Three Amigos (stylized as ¡Three Amigos!) is a 1986 American Western comedy film directed by John Landis, written by Lorne Michaels, Steve Martin, and Randy Newman (who also wrote the film's songs), and starring Martin, Chevy Chase, Martin Short, Alfonso Arau, Tony Plana, and Patrice Martinez. It is the story of three American silent film stars who are mistaken for real heroes by the suffering people of a small Mexican village. The actors must find a way to live up to their reputation and stop a malevolent group of bandits.

Plot
In 1916, the bandit El Guapo and his gang collect protection money from the Mexican village of Santo Poco. Carmen, daughter of the village leader, searches for someone who can rescue her townspeople. Visiting a village church, she sees a silent film featuring The Three Amigos, a trio of gunfighters who protect the vulnerable from villains. Believing them to be real heroes, Carmen sends a telegram asking them to come and stop El Guapo.

Lucky Day, Dusty Bottoms, and Ned Nederlander, the actors who portray the Amigos, demand a salary increase for their next project and are fired by their boss Harry Flugelman. He has them evicted from the studio mansion, banned from his lot, and the clothes they borrowed from wardrobe repossessed. They soon receive Carmen's telegram, misinterpreting it as a job offer to perform a show in Santo Poco.
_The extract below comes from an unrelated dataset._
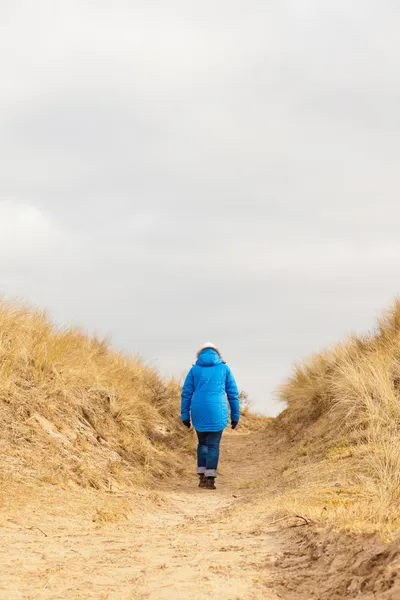 Promenade touristique sur le sentier dans un paysage de dunes herbeuses avec ciel nuageux — Photo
The Amigos break into the studio to retrieve their costumes and head for Mexico.

Stopping at a cantina near Santo Poco, they are mistaken for associates of a fast-shooting German pilot who arrived just before they did, also in search of El Guapo. They perform "My Little Buttercup" at the cantina, confusing the locals. The German's real associates arrive at the cantina, proving themselves lethal with their pistols when everybody laughs at them. Relieved, Carmen picks up the Amigos and takes them to the village, where they are pampered in the best house in town.

The next morning, when three of El Guapo's men raid the village, the Amigos do a Hollywood-style stunt show that leaves the men bemused. The bandits ride off, making the villagers think they have defeated the enemy. In reality, the men inform El Guapo of what has happened and he decides to return the next day to kill the Amigos.
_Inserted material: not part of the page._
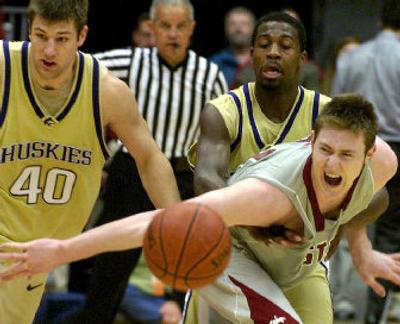 
WSU's Aron Baynes, right, fights off UW's Jon Brockman. The two wins over UW may help earn a spot in the NIT.
 (JOE BARRENTINE Associated Press / The Spokesman-Review)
The village throws a victory party for the Amigos. The next morning, El Guapo and his gang come to Santo Poco and call them out, but they think it's another show. After Lucky gets shot, they realize they are confronting real bandits and beg for mercy. El Guapo allows the Amigos to live, then lets his men loot the village and kidnaps Carmen. They leave Santo Poco in humiliation.

Ned persuades Lucky and Dusty to go after El Guapo as they have nothing worth going back to in America and this is their chance to be real heroes. They spot a plane and follow it; it is flown by the German, who has brought a shipment of rifles for the gang. El Guapo's 40th birthday party is being prepared and he plans to bed Carmen that night. The Amigos fling themselves over the wall to infiltrate the hideout with mixed results: Lucky is immediately captured and chained in a dungeon, Dusty crashes into Carmen's room, and Ned ends up suspended from a piñata.

Lucky frees himself, but Dusty and Ned are discovered and held hostage. The German, having idolized Ned's quick-draw and gun-spinning pistol skills in childhood, challenges him to a shootout. Ned kills the German and Lucky holds El Guapo at gunpoint long enough for Carmen and the Amigos to escape in the German's plane.

Returning to Santo Poco with El Guapo's army in pursuit, the Amigos rally the villagers to stand up for themselves. The villagers are uncertain as all they are good at is sewing. Drawing inspiration from one of their films, they have the villagers create improvised Amigos costumes. The bandits arrive, are shot at by Amigos from all sides, and fall into hidden trenches. El Guapo's men either ride off or are shot, and he takes a fatal wound. Before he dies, the villagers, dressed as Amigos, step out to confront him. El Guapo congratulates them, then shoots Lucky in the foot before dying.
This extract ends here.